So, what are your goals, including timeline?
 
I think the best place to start is to draw up a statement of what your long term, intermediate and short term goals are, and what you risk tolerance is. Once you have that down on paper, you can construct a sensible portfolio.

So, what are your goals, including timeline?

Hmm...

Short term:
Get married next year (2008 )
Purchase larger home (2010'ish, depending on market conditions)

Intermediate term:
Invest in additional income properties in US or other countries
Continue to invest in retirement fund

Long term:
Have sufficient passive income from investment property for ER
Have at least $1 million in tax-deferred retirement fund (currently at $284k'ish) for old-age
 
Let's say... hypothetically, you had $200k on hand, and you put $100k in Vanguard Global Equity, and the other $100k in Vanguard Prime Money Market.

How would you adjust your allocation today, if you think you might pull some $ out in ~3 years to purchase additional property?

Though it might be tempting to invest the money, if you are going to be using the money in ~3 yrs I suggest you leave the money in MoneyMKt account. In the short term the market could do anything and you don't want to be in a situation where you are forced to sell a Fund at the bottom.

-h
 
I've held foreign currency accounts at Everbank for about 5 years.

I had just returned from living in France and was looking for a US-based bank that would take my Euro account. At the time I was doing my research (2002) Everbank was the best option I could find for a retail account holder. Besides transferring my Euros, I opened a Yen account.
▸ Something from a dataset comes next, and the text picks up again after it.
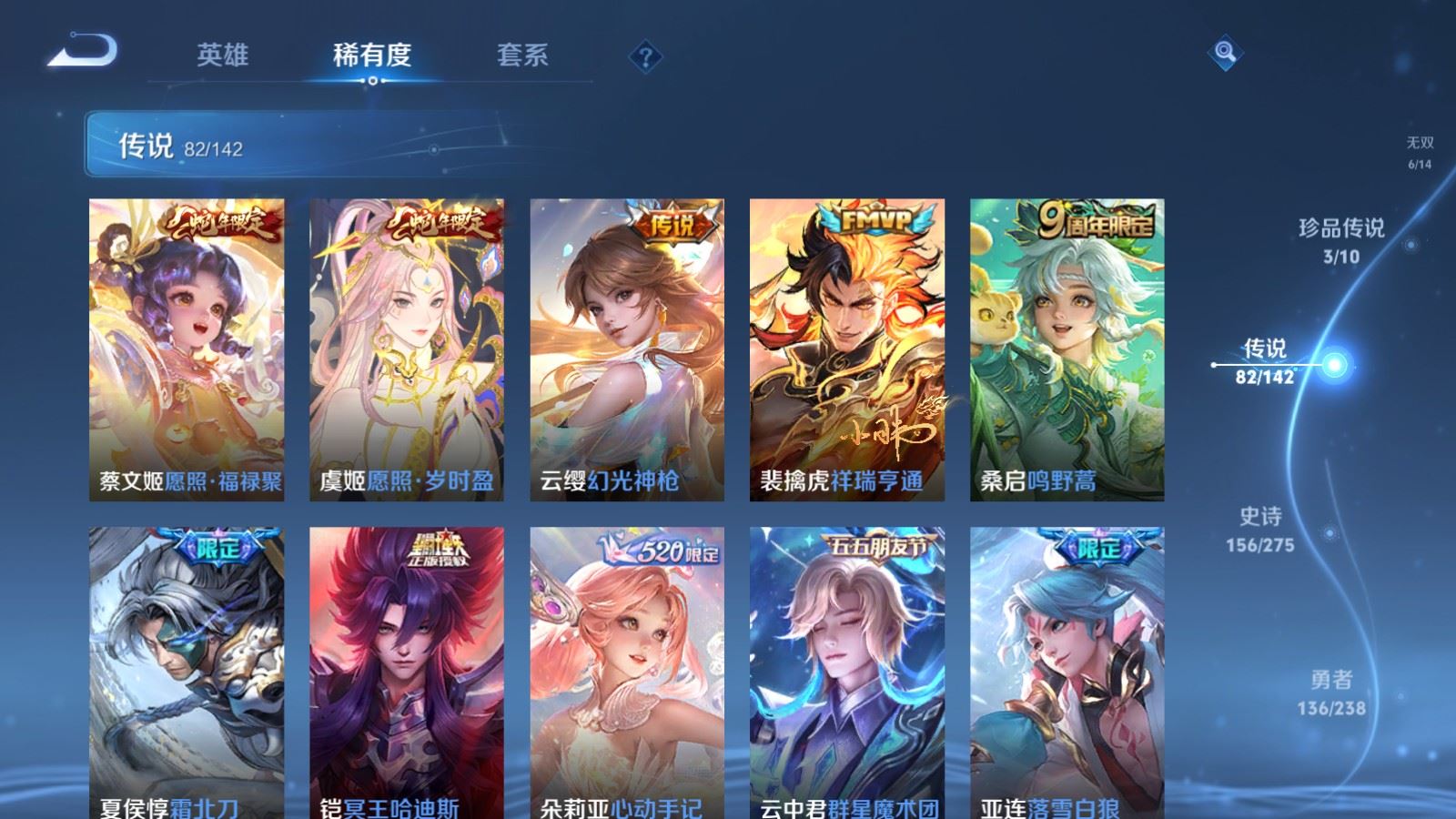 WZCMW4279483王者荣耀账号详情图9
I still have both those accounts but I haven't done any research as of late to see if there are better options available for holding foreign currency in the US. There are certainly easier options - CurrencyShares ETFs for example - you can buy FX like its a stock. The downside to those is you miss the chance to earn interest like you can at Everbank (on most currencies at least).

Having said all of that, I have since come to the opinion that there are better options for dollar bulls such as myself - namely non-USD denominated assets. Thus I've not put any new money in my Everbank accounts in years.